100 Heroes: Thom Gunn

As we continue our celebration of some of the icons of our LGBTQ history, let’s take a look at the life and legacy of Thom Gunn.

The career

Born in 1929 in England, Thomson Gunn - known as Thom - studied English Literature at Trinity College in Cambridge.

Graduating in 1953, Gunn published his first volume of verse the following year.

In 1954, Gunn moved to the United States.
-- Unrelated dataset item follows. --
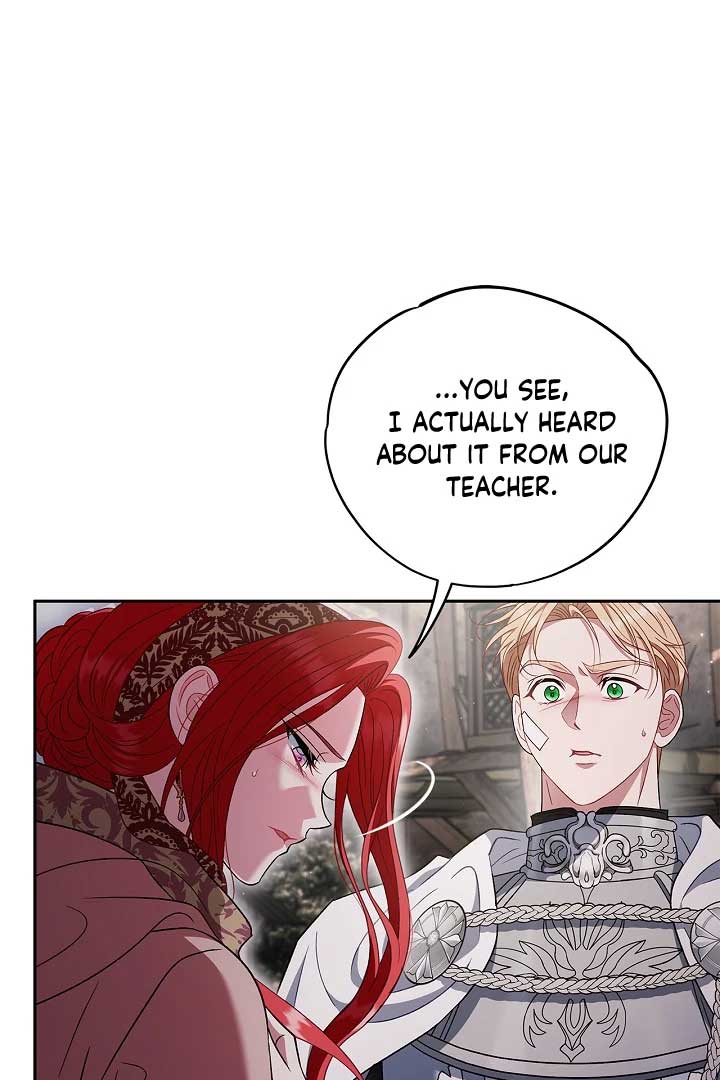 I Will Become the Villain’s Poison Detector - Chapter 59 Page 89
He secured a teaching position at the University of California in Berkeley  –  he remained at the university for most of his career.

The relationship

Gunn’s move from England to the US was so that he could continue his relationship with Mike Kitay  –  whom he had met while they were both at college in Cambridge.

Gunn and Kitay remained together until Gunn’s death in 2004.

The poetry

During the 1960s and 1970s, Gunn’s verse was notable for its bold exploration of sex, drugs, and the lifestyle of gay men. He embraced the bohemian life of San Francisco, and this was reflected in the work he created.
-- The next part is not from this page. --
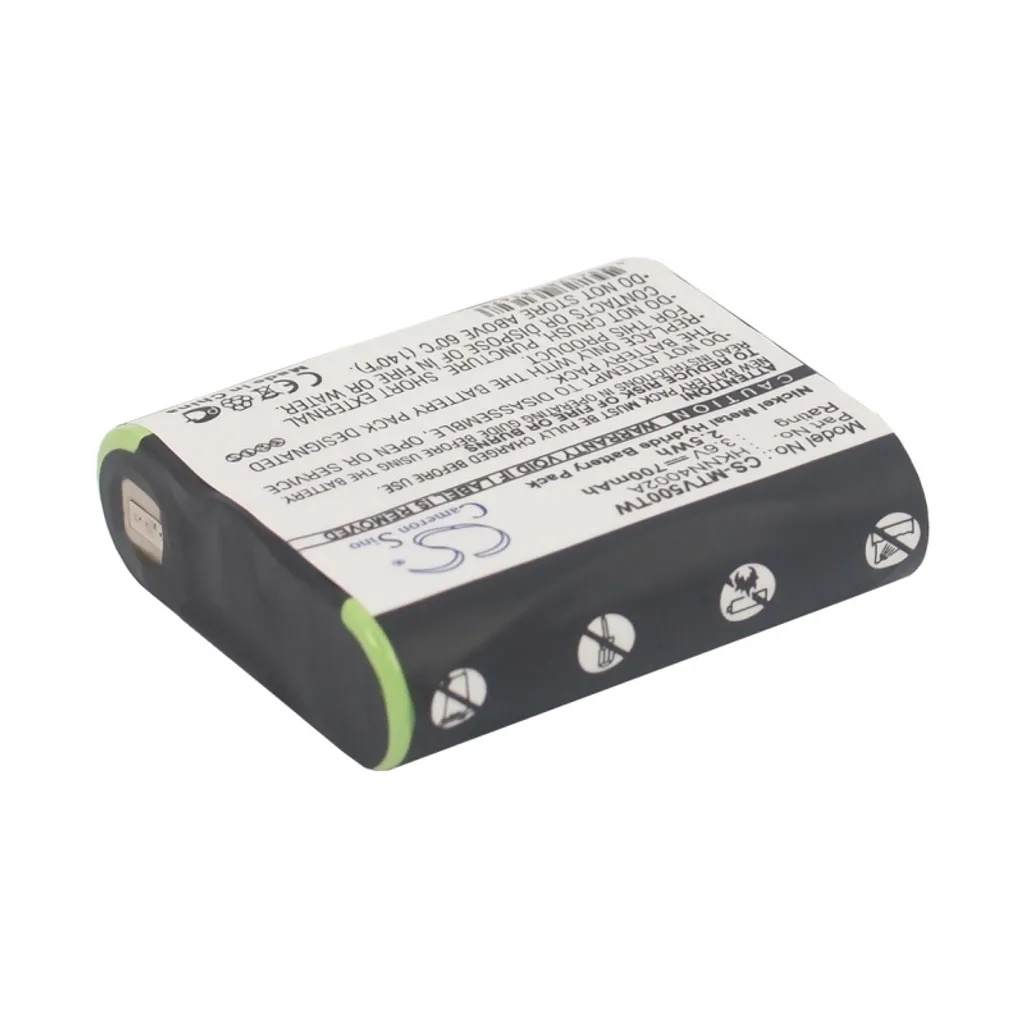 Batterie de Rechange pour Talkie-Walkie Motorola Talkabout T200 T82 T62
One of the aspects of Gunn’s poetry that was notable was that his verse connected eroticism, pleasure, and domestic stability  -  it was an insight into the world of gay men, a world that was far removed from the rigidity of family and social life of 1950’s America.

Gunn celebrated a sense of community through sexual connection.

Gunn’s verse was published widely, and he released a number of collections. However, his most famous book was The Man With Night Sweats, published in 1992  -  a book of elegies that explored the impact of the AIDS epidemic.

“Written after the most terrible decade for gay men, especially in San Francisco, it contains a number of chiselled, honest, diligent and heart-breaking elegies...” writes Robert Potts in the Guardian, describing the collection. “Gunn’s ability to write sinewy, muscular verse about flesh and physical strength was now turned to the body’s defenceless decline. The metaphors of armour that run through Gunn’s proud and admiring descriptions of the beautiful and strong, or that represent a toughness of self and soul, an integrity, continue in this book - but often in terms of their failure.”